Joachim Köhler: Ja, Bedenken gab es. Um dies zu bewerten, ist aber vor allem museumspädagogische Expertise gefragt. Wir haben seitens des Fraunhofer IAIS erstmal geschaut, ob sich die Emotionserkennung technisch überhaupt auf einem gewissen Qualitätslevel umsetzen lässt. Und ein weiterer Schwerpunkt war es, die Datenmengen der Interviews in den Griff zu bekommen und auszuwerten.
Das Projekt wurde zu Ende September beendet – gibt es schon ein Fazit?
Joachim Köhler: Wir haben erste Schritte mit der Emotionserkennung erreicht und konnten dem Haus der Geschichte diverse technische Komponenten bereitstellen. Man muss aber auch sagen, dass sie jetzt noch nicht direkt im Einsatz sind. Was schon verwendet wird, ist unser Audio-Mining-System, das Interviews qualitativ transkribiert. Hinsichtlich der Emotionserkennung muss man vermutlich erst noch einmal genauer verifizieren, ob die Grundannahme zutrifft, dass Emotionen einen guten und interessanten Zugang zu Geschichtsinhalten bieten.
An welcher Stelle wäre der Einsatz von KI im Zusammenhang mit Zeitzeugenschaft oder Geschichtsvermittlung noch möglich?

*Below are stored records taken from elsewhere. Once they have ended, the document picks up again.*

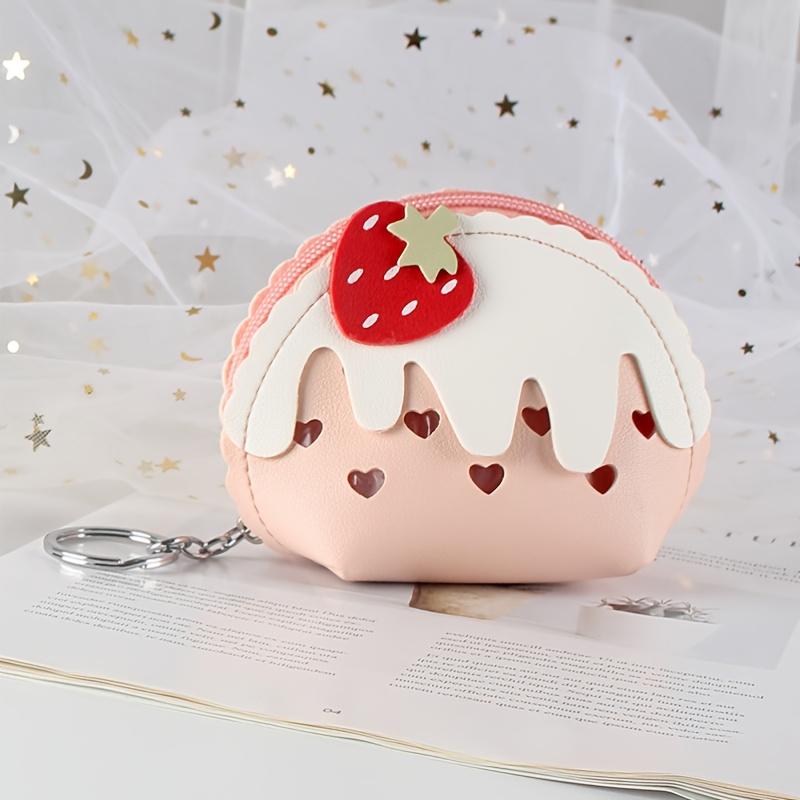 Girl's PU Leather Cartoon Strawberry Cake Heart Pattern Coin Purse Mini Cute Wallets With Keychain Outdoor Money Cards Storage Handbags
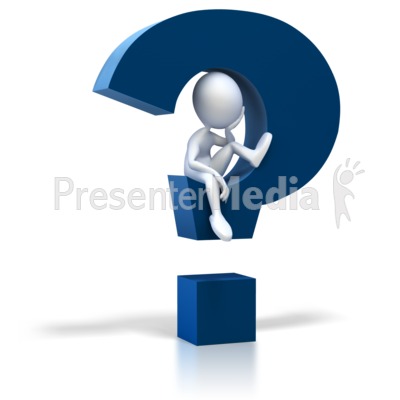 Stick Figure Sitting In Question Mark Presentation clipart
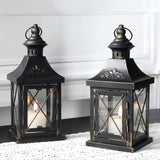 1 x RAW Customer Returns TRIROCKS 2 Pack Hanging Candle Lantern 28cm High Metal Small Lantern Decorative Candle Holder with Glass for Home Garden Living Room Party Table Indoor Outdoor Black with Gold Coatings  - RRP €40.33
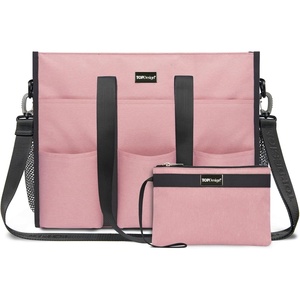 image:imageTOPDesign Utility Water Resistant Tote Bag with 22 Pockets Top Zipper Closure amp Thick Bottom Support for Working WomenPink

Joachim Köhler: Wir hatten kürzlich noch ein anderes Projekt zum Thema Erschließung von Zeitzeugeninterviews mit dem Lehrstuhl für Oral History an der Fernuniversität Hagen. In dem vom BMBF geförderten Projekt KA3 wurden Sprachmodelle für Zeitzeugeninterviews optimiert, so dass die Spracherkennung die oftmals akustisch anspruchsvollen Interviews mit einer hohen Transkriptionsgenauigkeit verschriftet und dadurch den Erschließungsprozess deutlich vereinfacht hat. Die Interviews in Hagen dauern zum Teil mehr als vier Stunden. Sie manuell zu transkribieren wäre eine Heidenarbeit. Das geht mit technischer Unterstützung deutlich effizienter. Die Technik erleichtert zudem die Navigation in den Interviews, also das gezielte Hineinspringen ins Audiomaterial zum jeweils gesuchten Abschnitt.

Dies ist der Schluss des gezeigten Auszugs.